There is no doubt that games always have something attractive to them and people simply love to spend hours playing. In comparison to other digital experiences playing video games is a completely volunteer activity. Different to programs, that we have to use to master our daily tasks, we can freely choose which game fits best for us. Games today offer a wide range of emotional experience, which give us a rest of everyday’s life and entertain us.
Product Design + Game Design = Pathfinder
The main reason why people can spend endless times playing games, but get frustrated by the new online service is the different design approach. Recently I asked myself the question, which aspects of game mechanics can I adopt to my work as a product designer!?
Sure, we all know patterns like gamification and rewarding the user to keep him motivated, but is there anything else, that is quite helpful in the daily design work? To find an answer to this question I started crafting a small puzzle game called “Pathfinder”.
So the gameplay is quite simple. The game’s goal is to solve all five puzzles within a limited time range. Within each puzzle the user has to connect the two marked spots by selecting all surrounding fields. If you want to try the game yourself you can find it here (mobile only).
What I learned
So basically there are three aspects I discovered, which should be highly prioritized in the thinking and design process while crafting a digital product.
1. It’s all about feedback!
We all know that feedback is an important part of software products, but when you start playing a game you notice that it is crucial. Compared to other software applications games are not static, but dynamic and change in real time. To communicate every change and consequence without irritations feedback is important. In more complex games feedback is also relevant to catch the user’s attention as he might be distracted easily. Feedback is important to guarantee, that no information is hidden and is communicated whenever needed.
The more transparent and reactive a product is the easier is its usage.
Pathfinder: An important detail crafting each level was the highlighting of “10 seconds left”. Without the red blinking number the users didn’t notice that they ran out of time and couldn’t understand why the fail screen popped up.
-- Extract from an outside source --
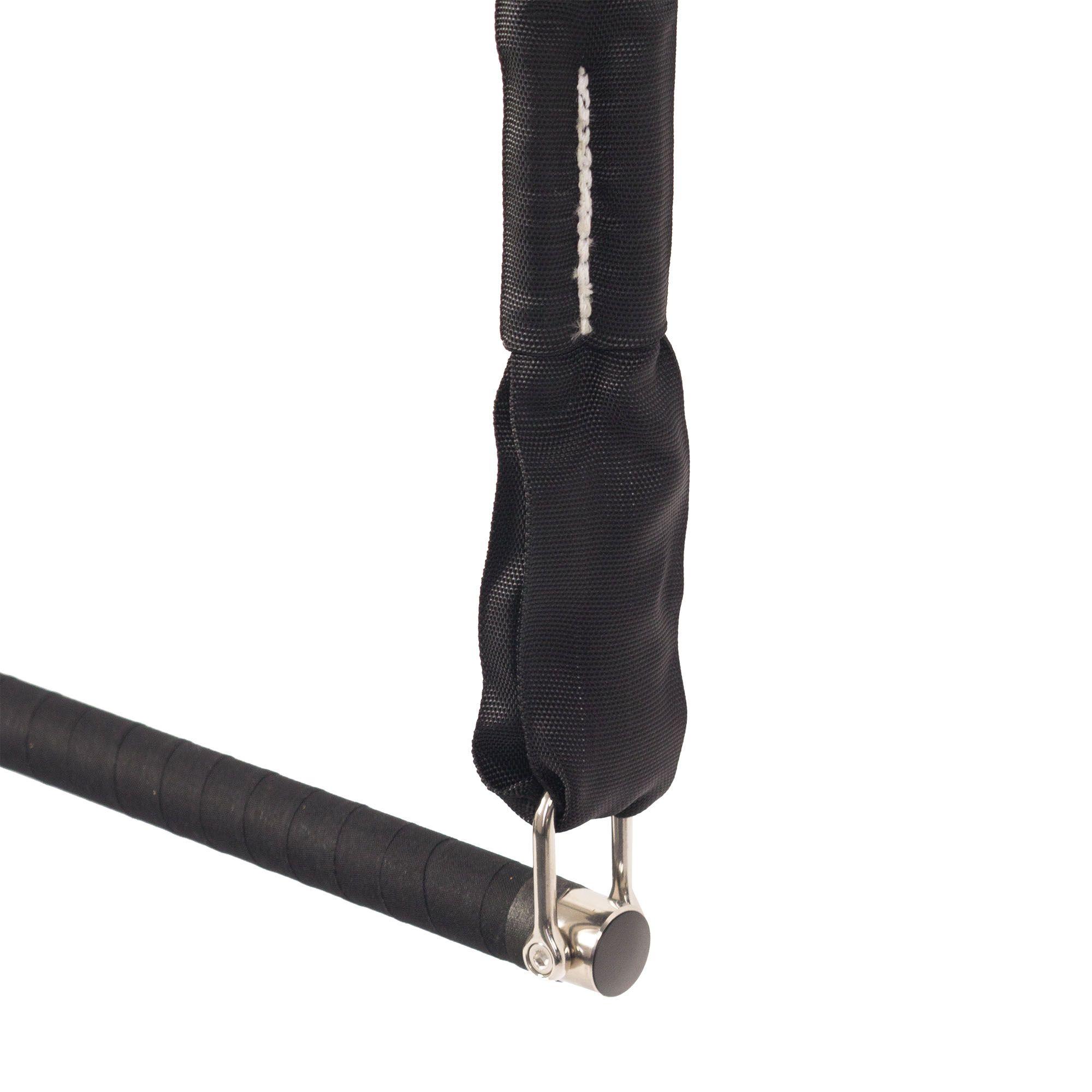 PolySafe Schkel Trapez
2. The look really matters
These days visual, sound and motion design really matters in video games and create a unique selling point among competitors. They help to create an authentic and remarkable atmosphere and to emotionally communicate the storyline. The visual design is used to transfer the information clearly depending on the current scene. The game design reflects the story and lets the user dive in the game.
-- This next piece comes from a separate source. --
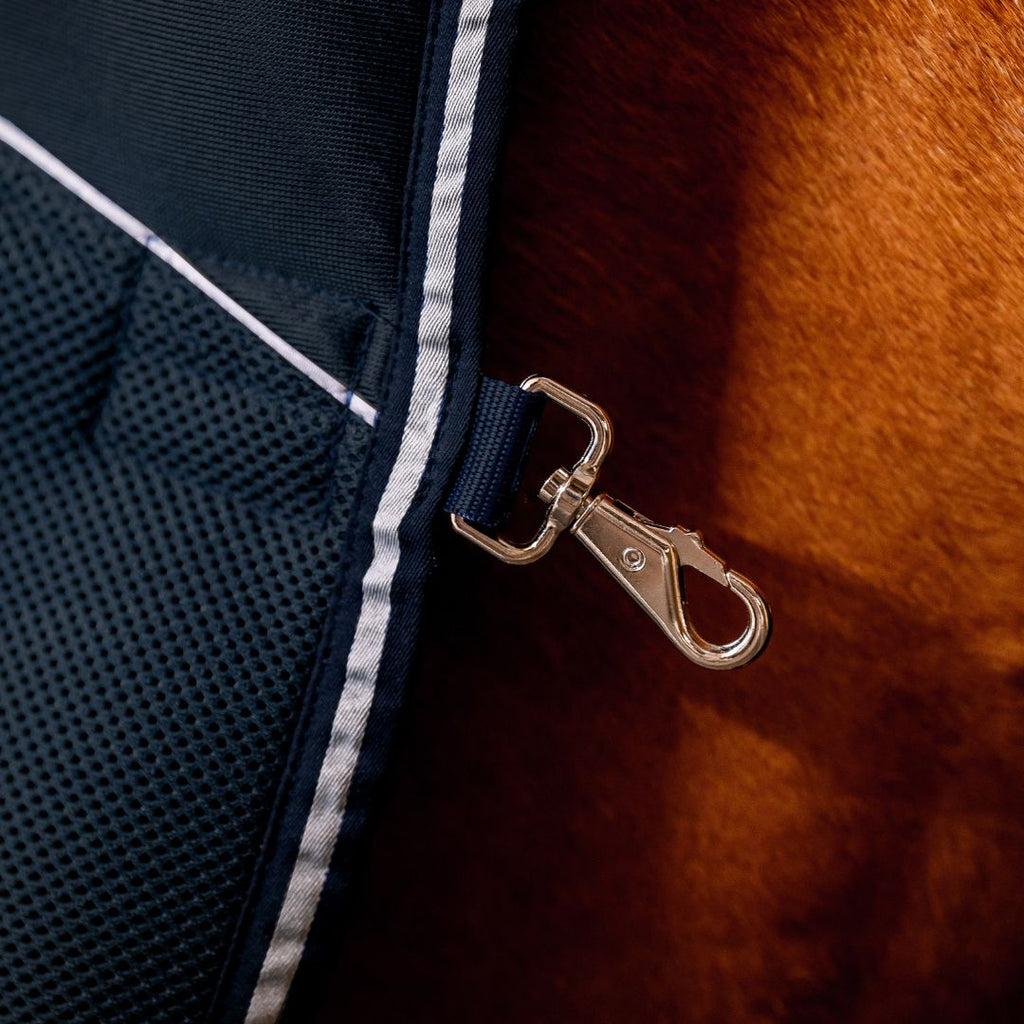 Horseware Dry Liner 50g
The consistent use of design elements also create a strong branding and let games look like standalone artworks.
Besides the functionality the authentic and remarkable design of a product can be a unique selling point.
Pathfinder: During the design process of Pathfinder there were different ideas how the level environment could look like. From a more “Monument Valley” kind of look to a complete abstract and geometrical theme. Finally I decided for the abstract theme as it represents the simplicity of the game in the best subtile and aesthetic way.
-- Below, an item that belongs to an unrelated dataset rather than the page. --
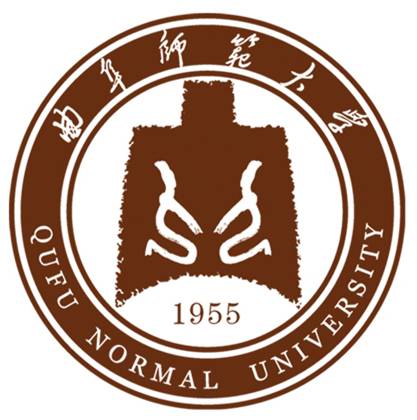 曲阜师范大学章程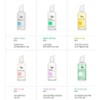 Isorb/Hyaluron Aqua Serum 80ml Moisturizing and soothing moisture for quick-drying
3. Everything is based on rules
Rules are the solid base of every game and define the goals and achievements around the experience. The game mechanics are limited by the rules and describe a combination of actions, reactions and consequences. Rules directly affect the gameplay and the user experience, therefore it is important to communicate them clearly. The easier the rules are the faster the user will understand how to operate in the system.
Once rules are defined, bending them is a fundamental part. When you think about different levels in a game they are just variations of the global rules. Rules also help to guarantee a consistency and to prevent misoperations. Only when you know your restrictions you can be really creative, by developing something new in the defined range.
At the beginning define clear and simple rules for your product and if necessary bend but never break them during your iterative process.
Pathfinder: The first step in the development of Pathfinder was to define the main rule for the gameplay: “Connect the marked spots by selecting all fields within 30 seconds“. After this decision was made all levels could be crafted as an adaption and modification of this global rule.
Games are important. They inspire, entertain or just give us a break from the everyday life and we gain a lot every time we play them. During the development of Pathfinder I learned a lot how to connect and transfer patterns to my daily work. At the end of the day games just want to give the user a good and entertaining time. Who says that a financial software can’t be as funny as the next arcade game?